┌─ RAW DATA

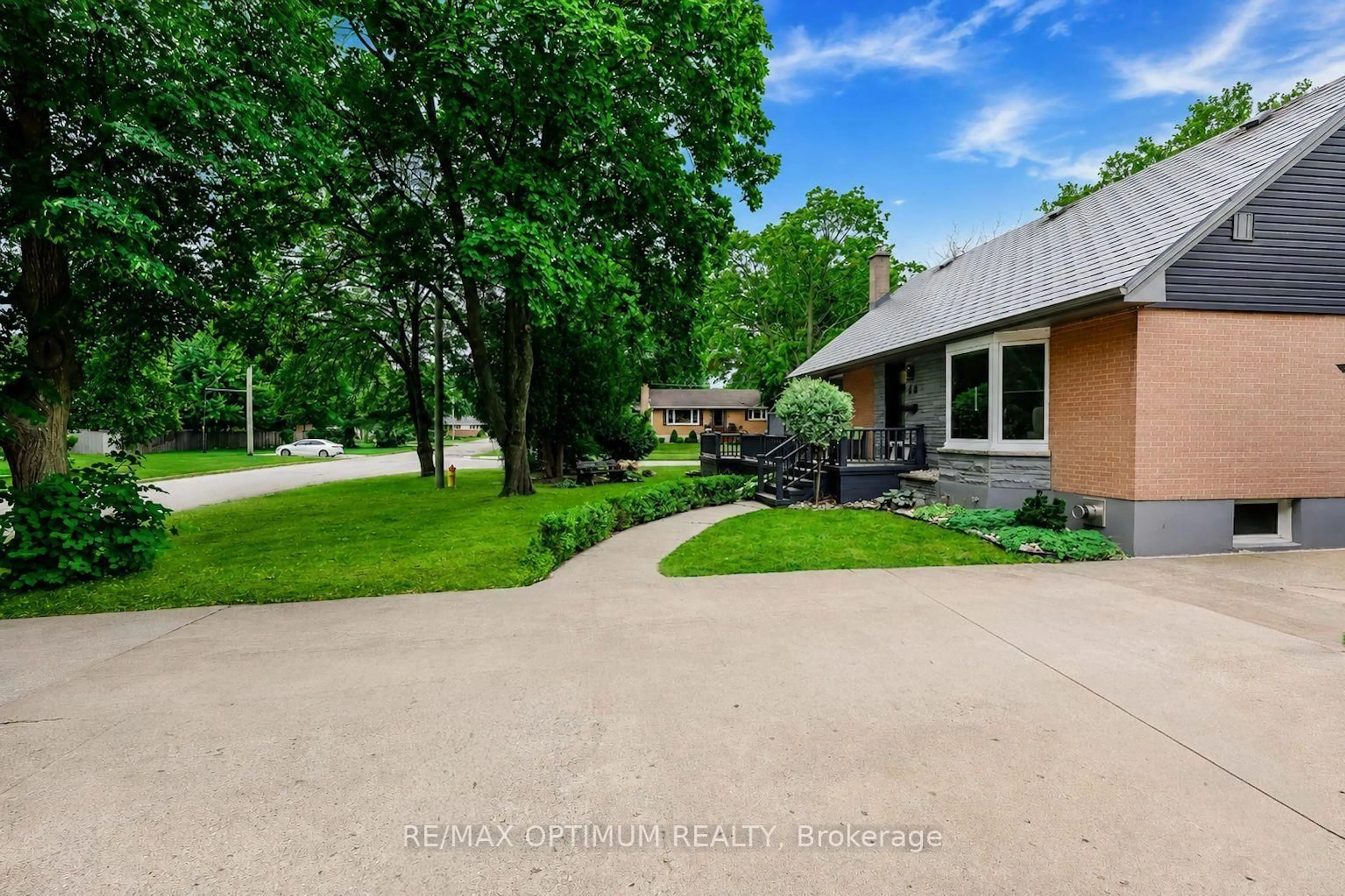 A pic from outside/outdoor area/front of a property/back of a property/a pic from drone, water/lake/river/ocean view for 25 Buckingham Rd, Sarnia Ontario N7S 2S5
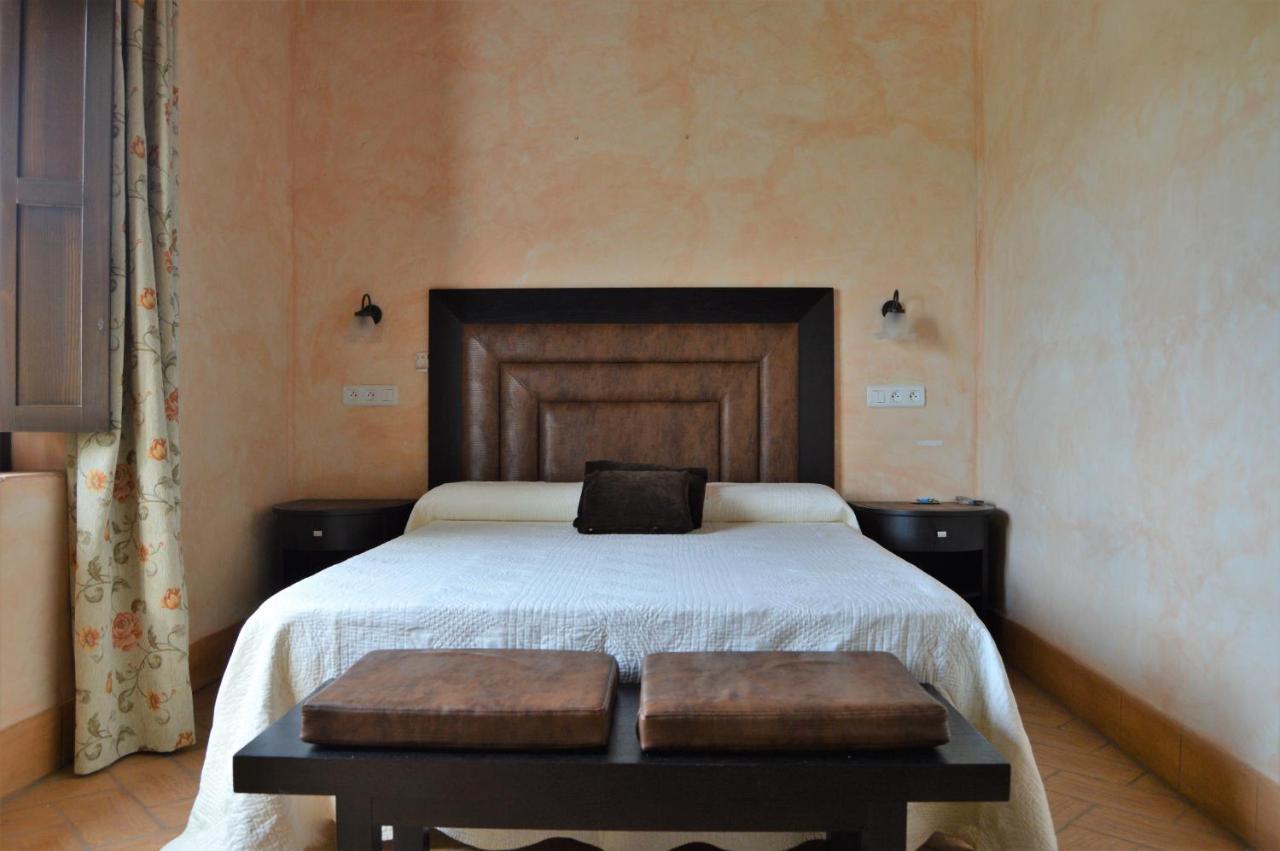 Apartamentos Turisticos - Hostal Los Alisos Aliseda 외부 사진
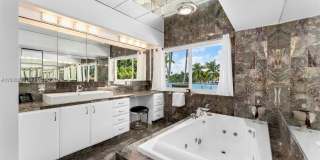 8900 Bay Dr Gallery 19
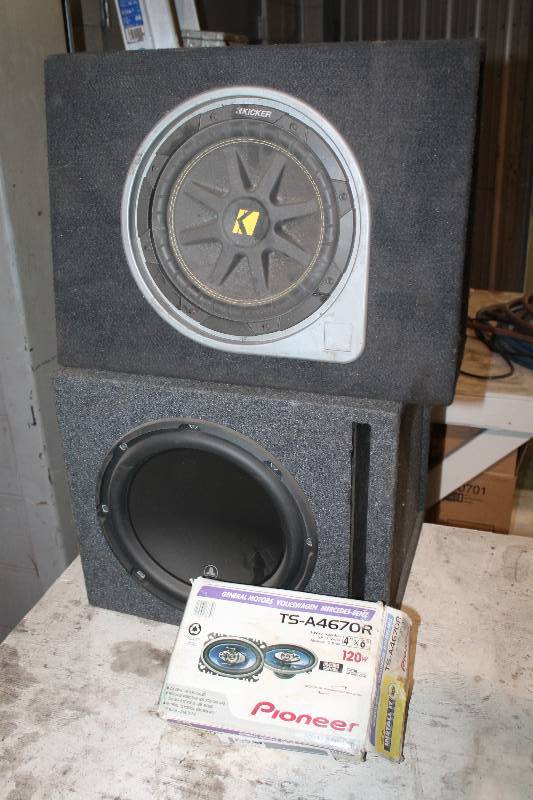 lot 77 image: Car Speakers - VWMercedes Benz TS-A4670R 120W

└─

Your job is to repeat the data exactly, leaving each picture out.

 A pic from outside/outdoor area/front of a property/back of a property/a pic from drone, water/lake/river/ocean view for 25 Buckingham Rd, Sarnia Ontario N7S 2S5
 Apartamentos Turisticos - Hostal Los Alisos Aliseda 외부 사진
 8900 Bay Dr Gallery 19
 lot 77 image: Car Speakers - VWMercedes Benz TS-A4670R 120W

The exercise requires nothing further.